Apollinaire livre ses impressions après une visite, un matin de février,
à l’atelier de Van Dongen : « L’ardeur austère des arts contemporains a
généralement banni tout ce qui entraîne le délire des sens. Aujourd’hui
tout ce qui touche à la volupté s’entoure de grandeurs et de silence.
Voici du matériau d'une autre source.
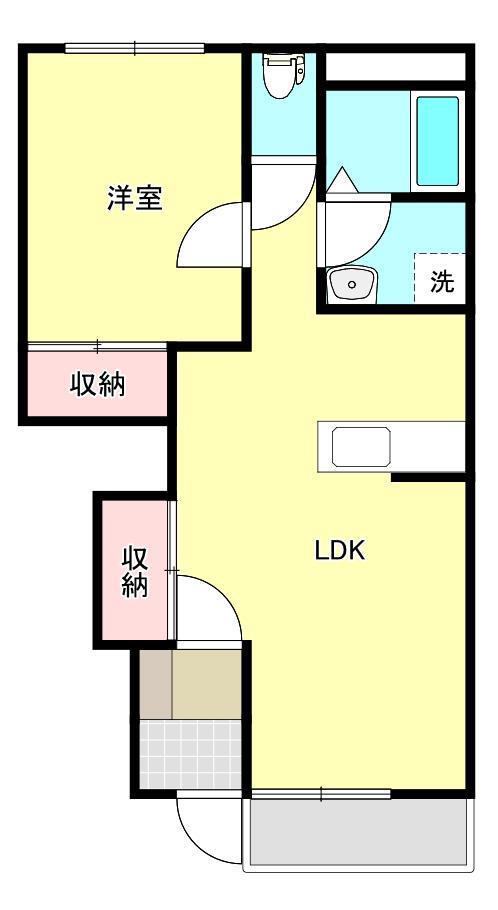 フリーダム新白河(1LDK/1階)の間取り写真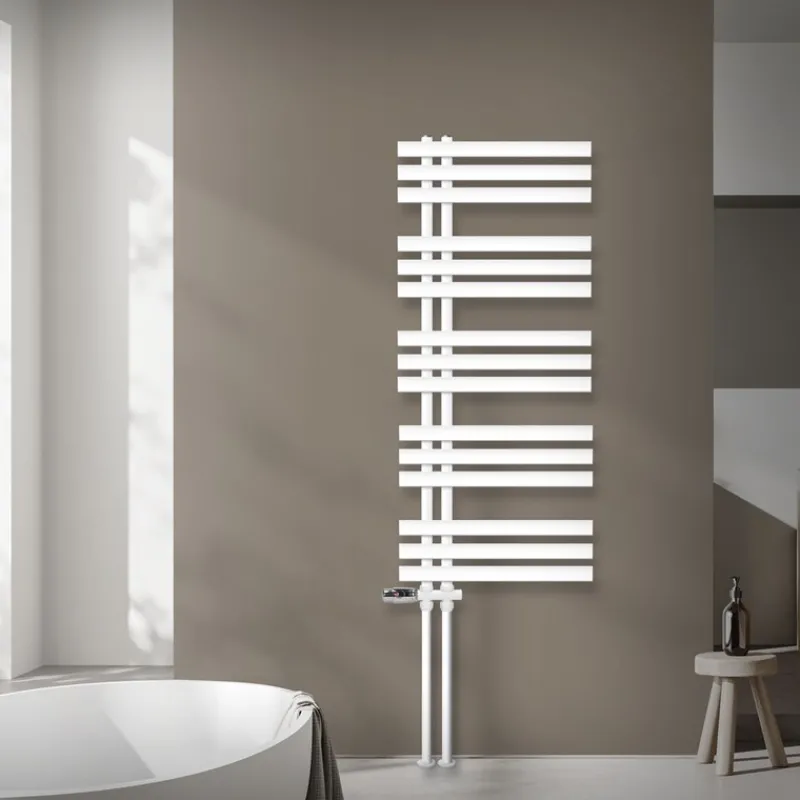 Badheizkörper Mittelanschluss 500x1200 mm Weiß mit Boden Anschlussgarnitur LuxeBath-ECD Germany Discount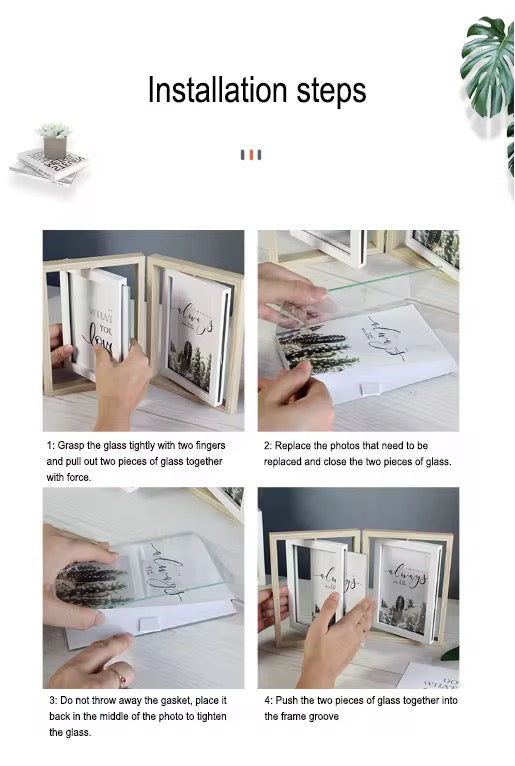 Minimalist Double Wooden Photo Frame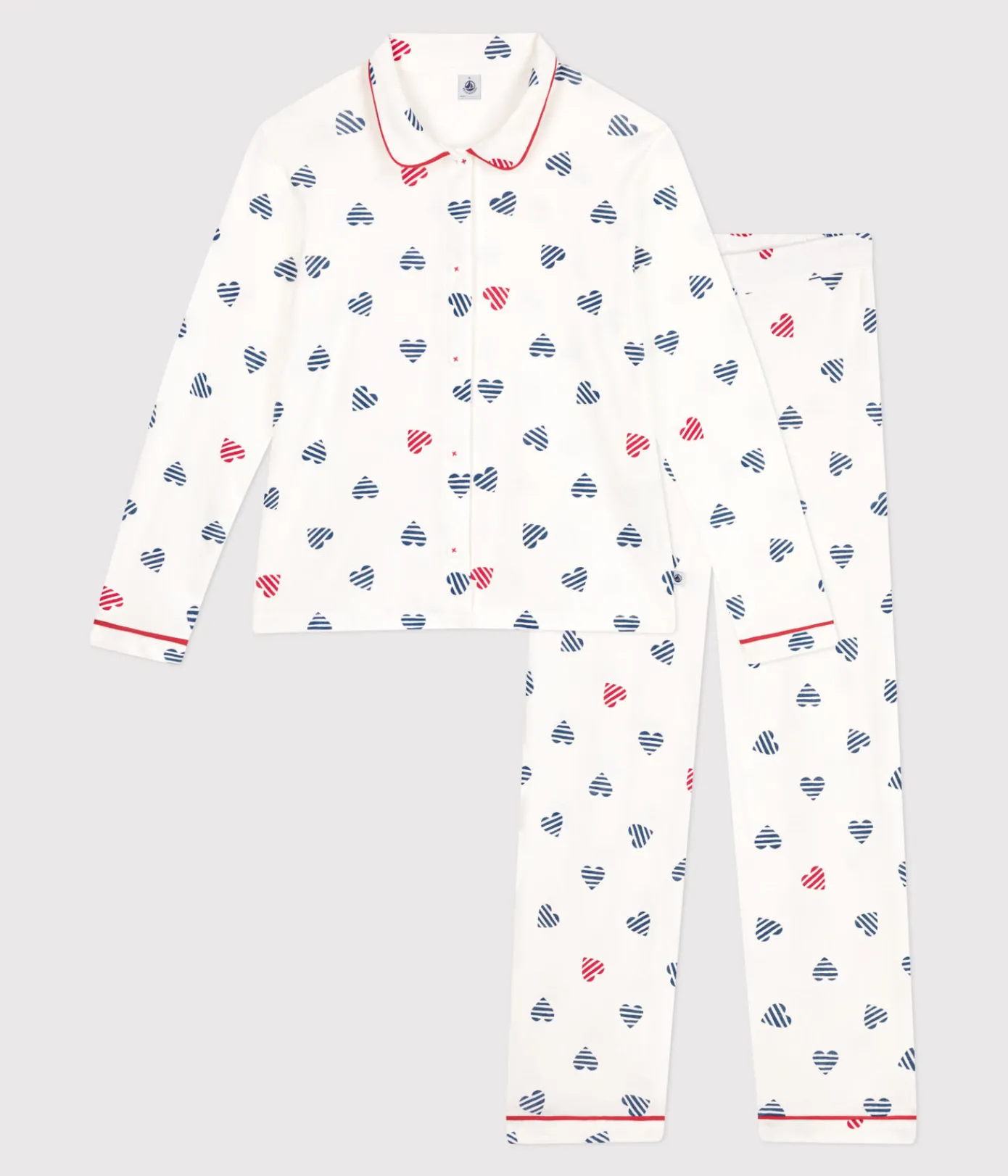 Petit Bateau Homewear|Schlafanzüge, Nachthemden*Geknöpfter Damen-Schlafanzug aus Baumwolle mit Herz-Print weiss MARSHMALLOW/weiss MULTICO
Elle survit parmi les figures démesurées de Van Dongen aux couleurs
soudaines et désespérées. Le flamboiement des yeux maquillés avive la
nouveauté des jaunes et des roses, la pureté spirituelle des cobalts ou
des outremers dégradés à l’infini, la passion prête à mourir des rouges
éclatants. […] Ce coloriste a le premier tiré de l’éclairage électrique
un éclat aigu et l’a ajouté aux nuances. Il en résulte une ivresse, un
éblouissement, une vibration, et la couleur conservant une individualité
extraordinaire, se pâme, s’exalte, plane, pâlit, s’évanouit sans que ne
s’assombrisse jamais l’idée seule de l’ombre. […] Ce peintre n’exprime
pas la vie en couleurs incandescentes, il la traduit toutefois avec une
précision véhémente. Européen ou exotique à son gré Van Dongen
a un sentiment personnel et violent de l’orientalisme. Cette peinture
sent souvent l’opium et l’ambre. Les yeux immensément agrandis
semblent les abîmes de la sensualité où la joie se confond avec la
douleur […] Le vers Luxe, calme et volupté de l’Invitation au voyage
de Baudelaire, pourrait lui servir de devise : luxe effrayant qui ne va
pas sans quelque barbarie septentrionale ; calme panique de l’heure
ensoleillée de midi au cours des étés méridionaux ; volupté, enfin,
une volupté de cristal. Dans certaines grandes toiles les couleurs se
cabrent combinant une épouvante constituée par le flamboiement
de grandes gemmes. Parfois une vague d’azur éblouissant essaye de
lutter avec une chair pâle et de longs yeux battus. Une lumière bizarre
naît de cette rencontre du ciel et du désir inassouvi […] ».